There may be other integration points for version 6.x.x and lower, however the instructions above where the changed integration points from version 9 to version 8 and 7.

~ ~ ~ * ~ ~ ~


Getting Started With Synapticloop Panl
A rather pleasing companion to the Apache® Solr® Faceted Search Engine.


[1] 'Sensibly' is a bit of a vague term... Panl strips out any unexpected characters and ensures that it is valid.  For example, if Solr (and therefore) Panl is expecting an integer parameter and the value 5gs6 is passed through, Panl will remove any non-numeric characters and parse the number - returning 56.  For values that cannot be converted, the value will be ignored and not passed through to the Solr server.

[2] Thanks for checking out this footnote.

[3] A LPSE length of 3 with the five mandatory codes would provide 185,193 facets, a length of 4 would provide 10,556,001

[4] A LPSE length of 3 with the five mandatory codes and one optional code would provide 175,616 facets, a length of 4 would provide 9,834,496

[5] Examples with specific dates are notoriously hard to put into examples as by the time you read this book, the example dates will be well out of range.  There is an example data set (simple-date) which is included within the release package which has random dates spanning 2014 to 2032 which can be used to test out the features, however you will need to index the data set with separate commands.

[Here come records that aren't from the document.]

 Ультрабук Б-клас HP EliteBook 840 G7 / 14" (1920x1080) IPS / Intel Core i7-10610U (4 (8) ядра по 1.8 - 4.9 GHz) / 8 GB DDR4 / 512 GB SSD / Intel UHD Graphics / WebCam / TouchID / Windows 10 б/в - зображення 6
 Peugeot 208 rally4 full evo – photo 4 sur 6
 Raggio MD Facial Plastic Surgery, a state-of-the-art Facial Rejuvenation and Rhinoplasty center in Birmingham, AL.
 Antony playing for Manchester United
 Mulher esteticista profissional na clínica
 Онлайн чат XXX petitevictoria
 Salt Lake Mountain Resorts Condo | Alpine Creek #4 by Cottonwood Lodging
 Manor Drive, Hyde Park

[6] This is probably not the fairest of comparisons, as a lot of the underlying Solr query implementation could be hidden behind the scenes anyhow.  However, what Panl can do is automatically have CaFUPs for multiple FieldSets, facets, and queries which will automatically build the query, the returned facets, the fields, and more.

[7] The exception to this rule are any defined OR facets, which will increase the number of results that are returned.

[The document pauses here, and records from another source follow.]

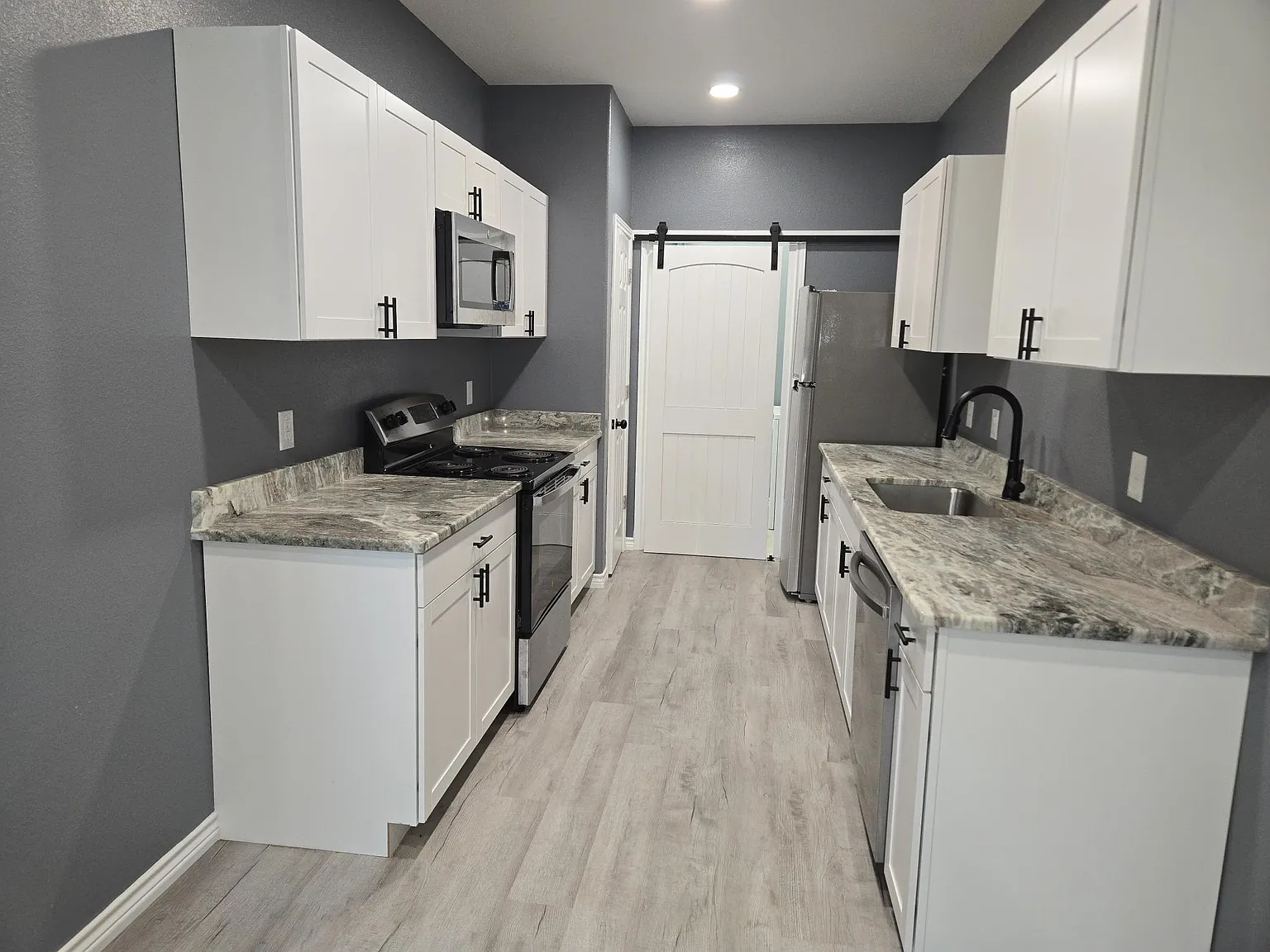 409 South Steen Drive - 104 — Photo 3
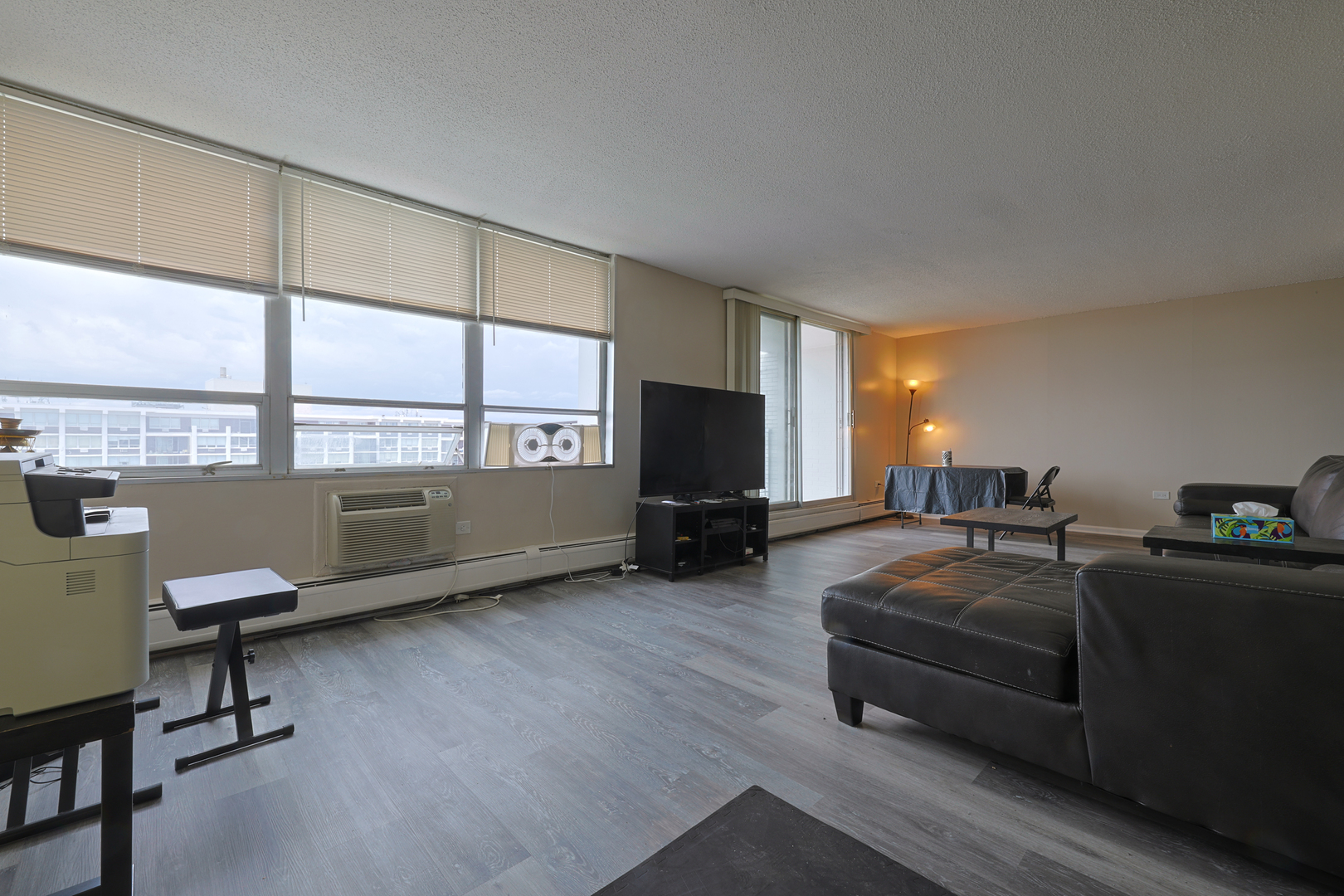 8809 West Golf Road, Unit 11D Niles, IL 60714 - Photo 10 of 15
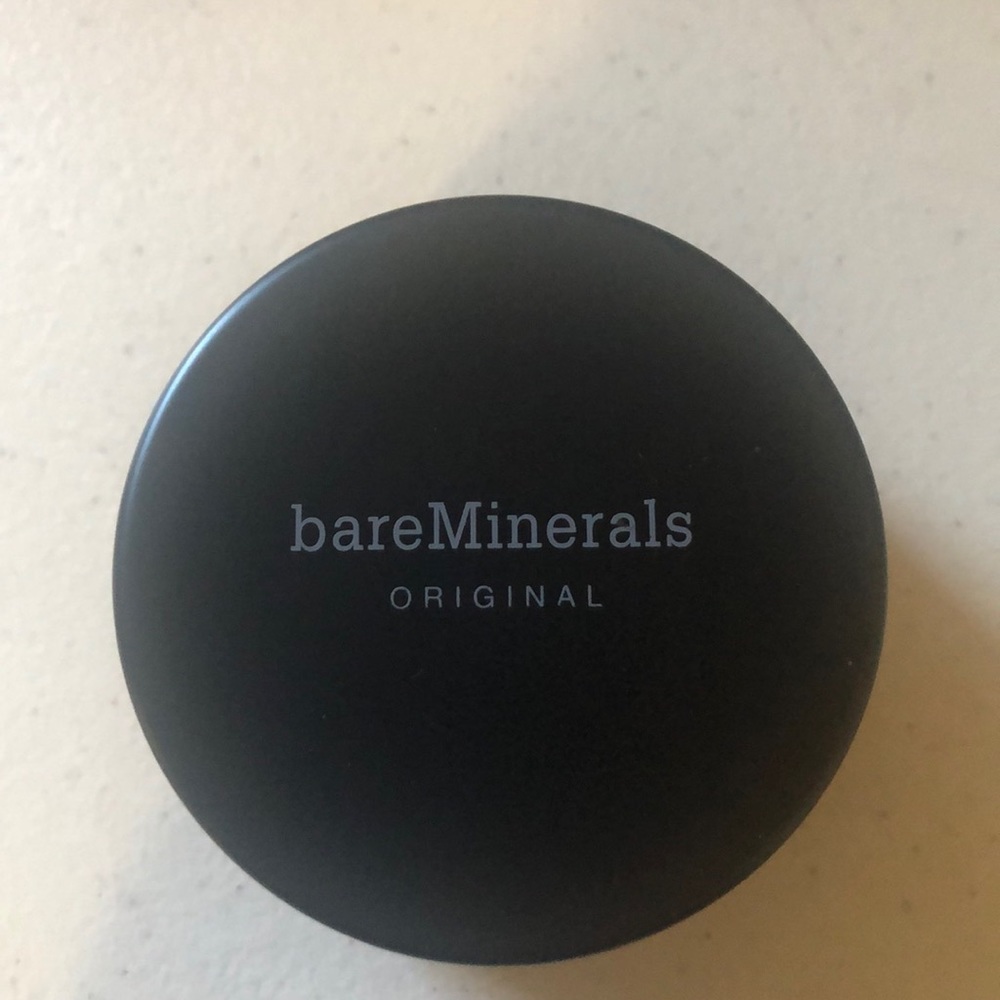 BRAND NEW - Bare Minerals XL Fairly Light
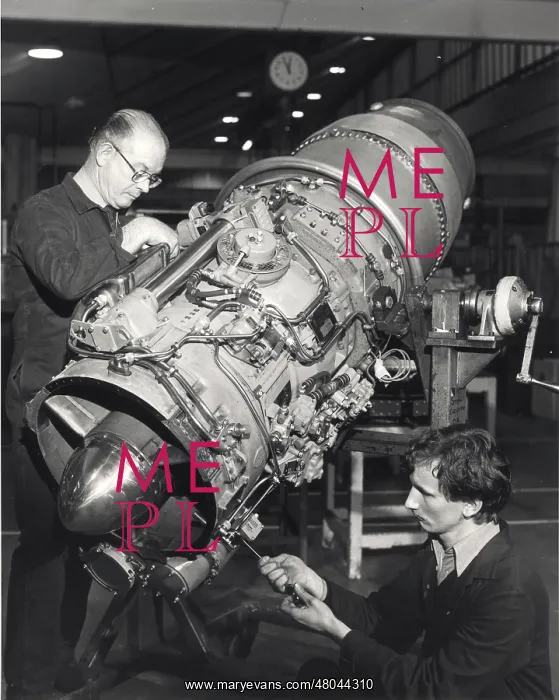 : A Rolls-Royce Viper turbojet in final assembly : A Rolls-Royce Viper turbojet in final assembly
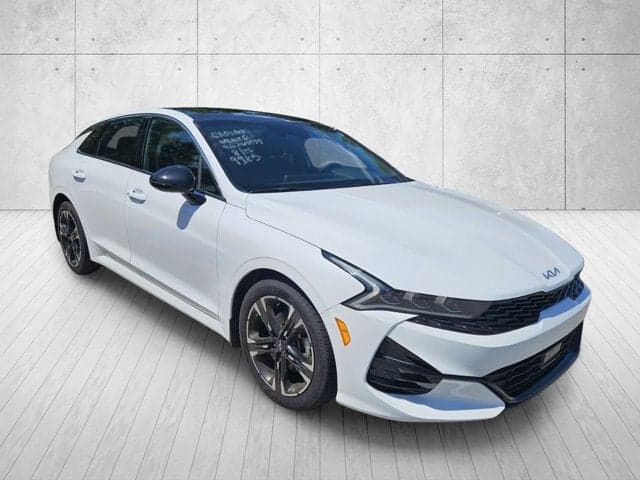 2024 Kia K5 GT-Line — photo 1 of 23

[8] The example data 'techproducts' included with the Apache Solr instance is a reasonable test dataset, however, the way the schema and collections are designed places an emphasis more on testing ingestion and searching, rather than on a functional search set.

[9] I am using an Apple Mac system, but it is the same for Linux

[10] Commands weren't included in this as a recursive force (i.e. rm -rf or rmdir /S /Q) deletion of directories can be a very dangerous thing.

[11] Historically, Java based examples for servers seem to have been based on the ubiquitous Pet Store, time for something new.

[12] Or, the mistakes that were made with the implementation.

[13] At the time of writing no useful results were returned by any of the large search engines for 'Solr Panl'.

[14] In some instances, the properties file layout would have been better suited to JSON, however, comments are not allowed in JSON files, which makes explaining the file a lot harder.  Admittedly, HJSON could have been used, and parsed on the way into Panl, but this would reduce portability - sigh - these are the decisions which can reverberate through time and code.

[15] This started off as a simple way to test the Panl configuration and how it interacted with the Solr search server, over time, it became a little more complex.  It also became an incredibly useful tool when adding features to the returned JSON object so that integration and implementation became a more developer friendly experience.

[16] Once again, a simple explainer turned into a more complex application as time and requirements became more involved.

[17]Admittedly this is rather annoying having to know the value ranges ahead of time, however there are some niceties built into Panl to use the minimum and maximum values.

[18]Once again, annoying to have to know the values.

[19] Although German users should be fine with the default implementation from Panl.